- Born: Mazamesso Assih September 7, 1979 (age 46) Lomé, Togo
- Citizenship: Togo
- Education: École Supérieure d’Assurances, Paris
- Occupation: Politician
- Political party: Union for the Republic (UNIR)

= Mazamesso Assih =

Mazamesso Assih (born 7 September 1979 in Lomé) is a Togolese politician. She has served as the Minister of Development at the Base, Financial Inclusion, Youth and Youth Employment in the Togolese government since 20 August 2024.

== Career==
=== Early career in Europe ===
She started her career at the Qualiteam group (Solly Azar) where she was responsible for monitoring portfolios and managing non-standard risks. She then held roles at EDF Assurance in France as an auto business officer, followed by Aon France and Peugeot France in insurance roles. In 2011 she joined Generali France.

===Return to Africa and entrepreneurship ===

In 2013, she founded Haz Consulting, initially established in Benin and later transferred to Togo.

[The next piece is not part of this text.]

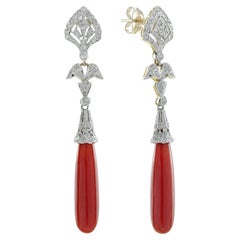 Coral and Diamond Art Deco Style Dangle Earrings in 9K Yellow Gold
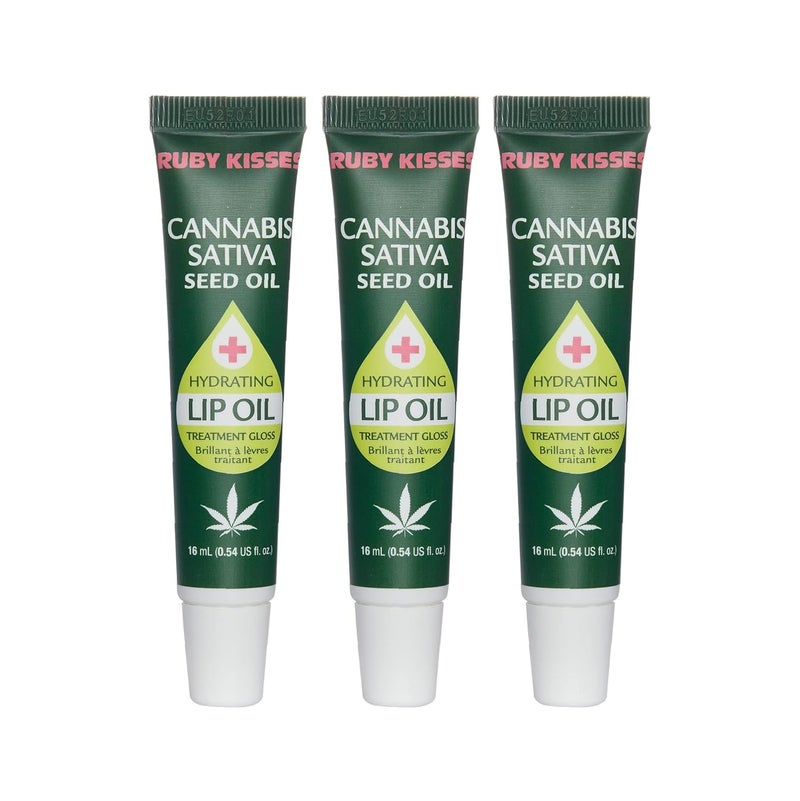 Ruby Kisses Hydrating Lip Oil Cannabis Sativa Hemp Seed RLO04D1 3 PACK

=== Institutional engagement  ===
In 2014, she helped create the National Financial Inclusion Fund (FNFI), a government program aimed at facilitating access to financial services for disadvantaged populations. In November 2017 she was appointed Secretary of State to the Presidency of the Republic in charge of Financial Inclusion and the Organization of the Informal Sector. In October 2020, she became Minister in charge of Financial Inclusion and the Organization of the Informal Sector. In August 2024 she assumed her current ministerial role.

== Political party affiliation ==
Mazamesso Assih is a member of the Union for the Republic (UNIR). Since December 2017 she has served as National Deputy Delegate of the UNIR Youth Movement.

== Significance ==
Under her leadership, Togo has implemented reforms to increase its financial inclusion rate, including a national strategy and a reform (called “R4”) to strengthen support for very small, small and medium enterprises (VSMEs). Her work places her among the youngest generation of Togolese political leaders.